Carbon nanoparticles were injected into thyroid gland of trial group. Total
lymph node, metastasis lymph node, black stained lymph node and black stained
metastasis lymph node of trial group were counted in central compartment dissection specimens. And total lymph node and
metastasis lymph node of control group were counted in central compartment dissection specimens. Parathyroid glands in central
neck dissection specimens were counted in two groups. For two groups, serum total
calcium and
parathyroid hormone were measured pre-operation and 1 day, 3 days, 5 days, 1 month, 3 months and 6 months post-operation.

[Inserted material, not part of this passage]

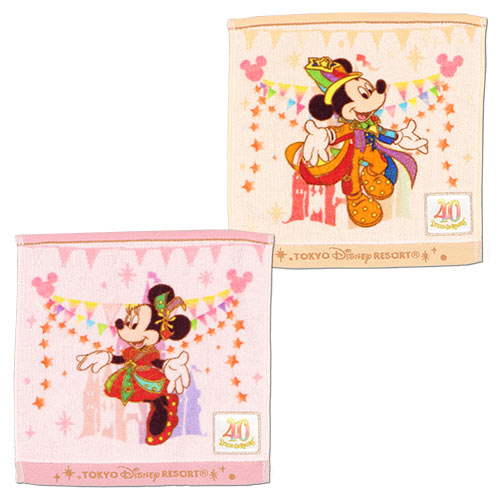 TDR - Disneyland 40th Anniversary DREAM-GO-ROUND Collection - 25cm Towel set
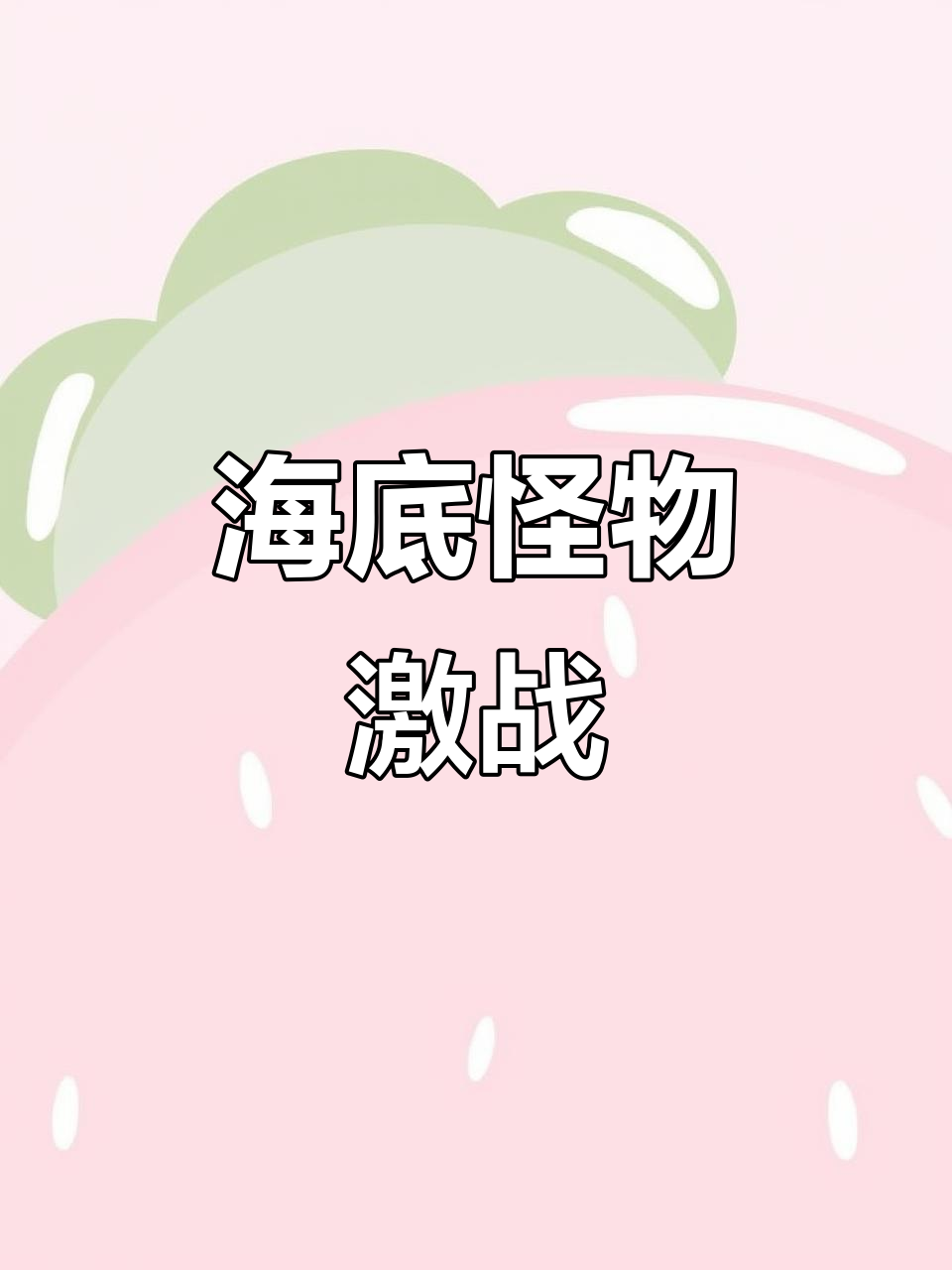 深海巨物大乱斗，鲨鱼与章鱼的生死时速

RESULTS: In trial group, the average counts of (10.19 ± 4.27) lymph nodes and (8.44 ± 4.31) black stained lymph nodes were more than those in control group at (6.26 ± 2.98) lymph nodes (all P < 0.01). Parathyroid gland was found in trial group (n = 7) and control group (n = 11). And the difference had no statistical significance (χ(2) = 1.124, P = 0.289). The preoperative serum levels of
calcium and
parathyroid hormone decreased within 6 months postoperatively in both groups (all P < 0.01). Without extracapsular invasion, serum levels of
calcium and
parathyroid hormone were higher in trial group than those in control group at 5 days, 1 month and 3 months post-operation (all P < 0.05). In an event of
lymph node metastasis, serum levels of
calcium (t = 3.446, P = 0.001) and
parathyroid hormone (t = 2.441, P = 0.017) in trial group were higher than those in control group at 1 month post-operation. When there was extracapsular invasion or no
lymph node metastasis, the serum levels of
calcium and
parathyroid hormone had no inter-group statistical differences within 6 months post-operation (all P > 0.05). When
tumor size was less than or equal to 4 cm, the level of
parathyroid hormone was higher in trial group than that in control group at 1 month post-operation (t = 2.703, P = 0.009). But no inter-group statistical differences existed within 6 months post-operation (all P > 0.05) when
tumor size surpassed 4 cm. Regardless of
tumor size, the serum levels of
calcium in trial group were higher than those in control group at 1 month post-operation (all P < 0.01).